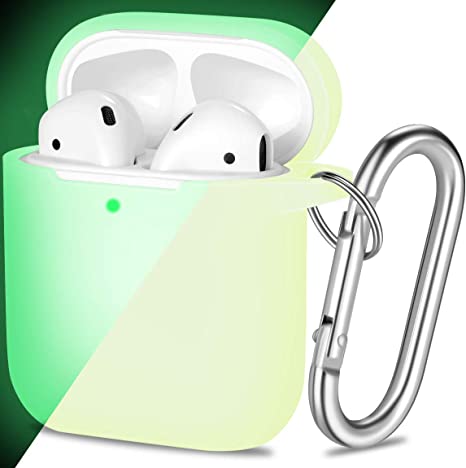 Maledan Compatible with Airpods Case 2 & 1, Luminescent Silicone Shockproof Protective Airpod Skin Cover, Waterproof [Front LED Visible] Support Wireless Charging with Carabiner, Nightglow Green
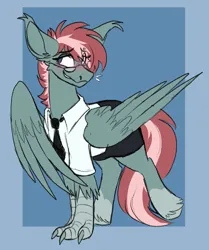 Size: 804x960 | Tagged: safe, artist:rockin_candies, derpibooru import, oc, oc:cascade script, unofficial characters only, hippogriff, clothes, femboy, glasses, image, male, png, secretary, skirt, wings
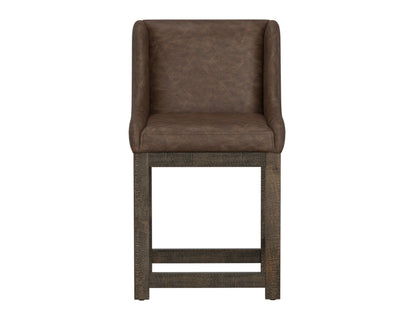 Wooden Frame & Base, 24" Upholstered Barstool - Chocolate Brown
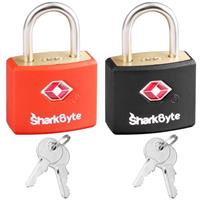 SharkByte 385 Suitcase Locks - 1, 2, 3, 4 Pack Brass Security Travel Combination Padlocks for Suitcases, Luggage, Bags, Gym Lockers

**Work instruction:** The answer is those lines of the material above that run from the one containing "Size: 804x960 |" up to and including the one containing "Wooden Frame &", restated exactly and without images.

**Result below:**
 Size: 804x960 | Tagged: safe, artist:rockin_candies, derpibooru import, oc, oc:cascade script, unofficial characters only, hippogriff, clothes, femboy, glasses, image, male, png, secretary, skirt, wings
 Wooden Frame & Base, 24" Upholstered Barstool - Chocolate Brown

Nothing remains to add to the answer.